When a Conditional Access MFA policy scopes Client apps to only Browser and Mobile apps and desktop clients, IMAP, POP3, SMTP AUTH and EAS sign-ins fall outside enforcement entirely. Legacy-protocol authentication succeeds with password alone, no challenge, no risk evaluation, enabling undetected password-spray campaigns against Exchange Online mailboxes.

At a glance

Unsafe setting
Client apps condition enabled but scoped only to Browser and Mobile apps/desktop clients categories.
Failure trigger
Admin assumes a separate legacy-auth block policy already covers EAS/Other clients, leaving them unscoped in the MFA policy.
Blast radius
Legacy protocol sign-ins bypass MFA entirely, letting password-spray attacks compromise mailboxes holding Send As or Impersonation rights.
Recommended control
Create a dedicated policy blocking Exchange ActiveSync and Other clients outright; disable IMAP/POP/SMTP AUTH via Set-CASMailbox.

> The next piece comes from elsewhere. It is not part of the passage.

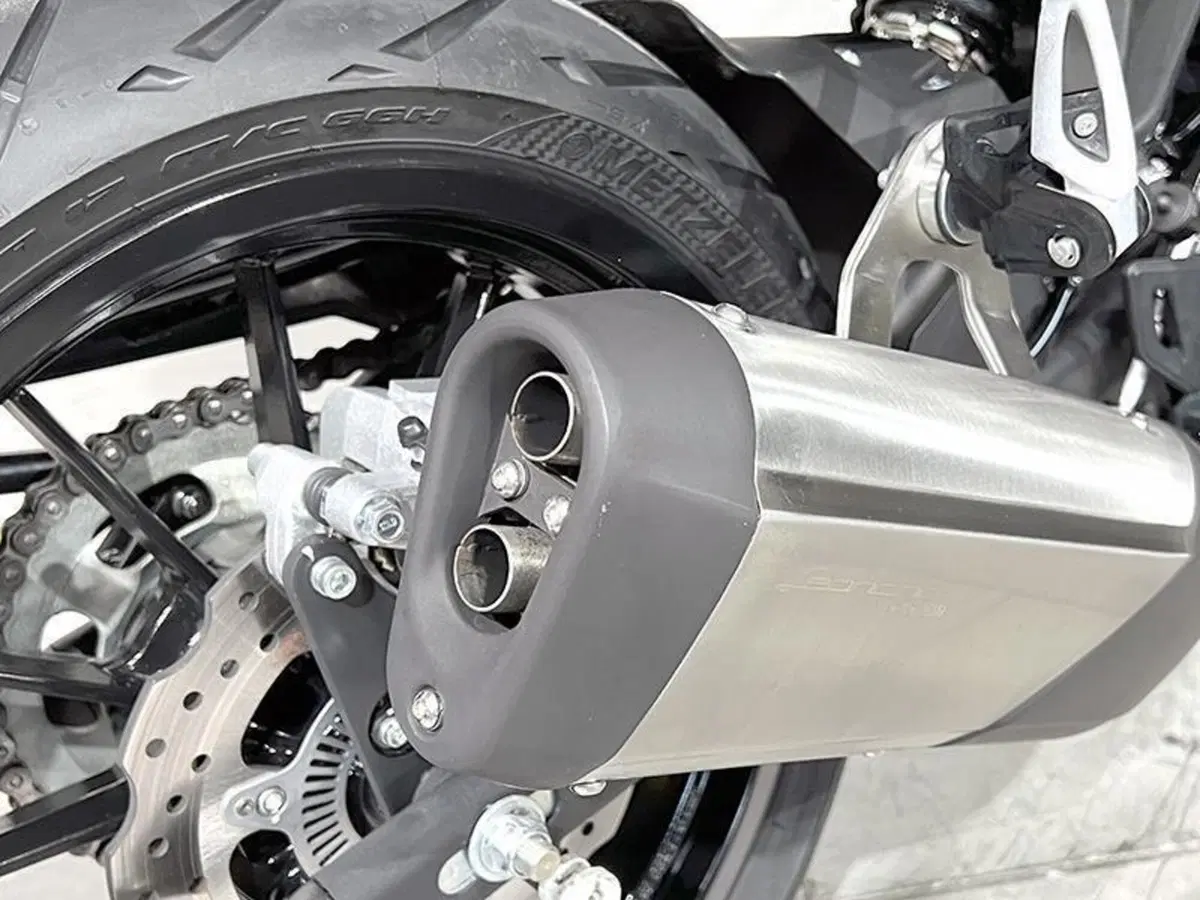 Benelli Leoncino 250 (2021 - 25) (4)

Fix commands and configuration

Get-CASMailbox -ResultSize Unlimited | Where {$_.ImapEnabled -eq $true -or $_.PopEnabled -eq $true}
Set-CASMailbox -ImapEnabled $false -PopEnabled $false -SmtpClientAuthenticationDisabled $true

The Trap

A Conditional Access policy where the "Client apps" condition is enabled and scoped to only "Browser" and "Mobile apps and desktop clients", while "Exchange ActiveSync clients" and "Other clients" are left unticked.

The Default State

Out of the box, the Client apps condition in a new Conditional Access policy defaults to Configure: No. That means the condition isn’t evaluated at all, and the policy applies to every client app type by inheritance, legacy included. Administrators following Microsoft’s own hardening templates or third-party audit checklists routinely flip that toggle to Yes and then select only the two modern-auth categories, assuming legacy protocols are already disabled tenant-wide by a separate block policy. In practice that separate policy is frequently half-deployed, scoped to a pilot group, or was written before a hybrid Exchange migration reintroduced Basic Auth on a subset of mailboxes.

The Blast Radius

IMAP4, POP3, SMTP AUTH and older Exchange Web Services connections identify themselves as "Other clients" or "Exchange ActiveSync clients" in the sign-in log. With the Client apps condition scoped away from those categories, the MFA-requiring policy simply doesn’t apply to them, no challenge, no device check, no risk evaluation. Any valid username and password authenticates cleanly. This is the exact mechanism behind large-scale password-spray campaigns against Exchange Online: attackers hammer EWS or IMAP endpoints because those protocols can’t render an MFA prompt and, more importantly, because the CA engine never gets asked to enforce one. Sign-in risk scoring on basic-auth events behaves differently to interactive sign-ins, so Identity Protection often stays quiet. Compromised accounts show as MFA-satisfied in reporting because the policy that should have blocked them was never in scope to begin with. Service accounts and legacy connectors using these protocols frequently hold Send As or ApplicationImpersonation rights, so a single successful spray can expose entire mailbox estates.

The Lead Mechanic Fix

Stop trying to fit legacy protocols into an MFA grant control, block them outright. Build a dedicated policy: Conditions > Client apps > Configure Yes, select only "Exchange ActiveSync clients" and "Other clients", Grant control set to Block, applied to All users excluding the break-glass account. Confirm at the protocol layer with Get-CASMailbox -ResultSize Unlimited | Where {$_.ImapEnabled -eq $true -or $_.PopEnabled -eq $true} and remediate with Set-CASMailbox -ImapEnabled $false -PopEnabled $false -SmtpClientAuthenticationDisabled $true. Verify closure by filtering sign-in logs for Client App = IMAP4, POP3, SMTP and checking the Applied Policies column no longer reads "Not applied".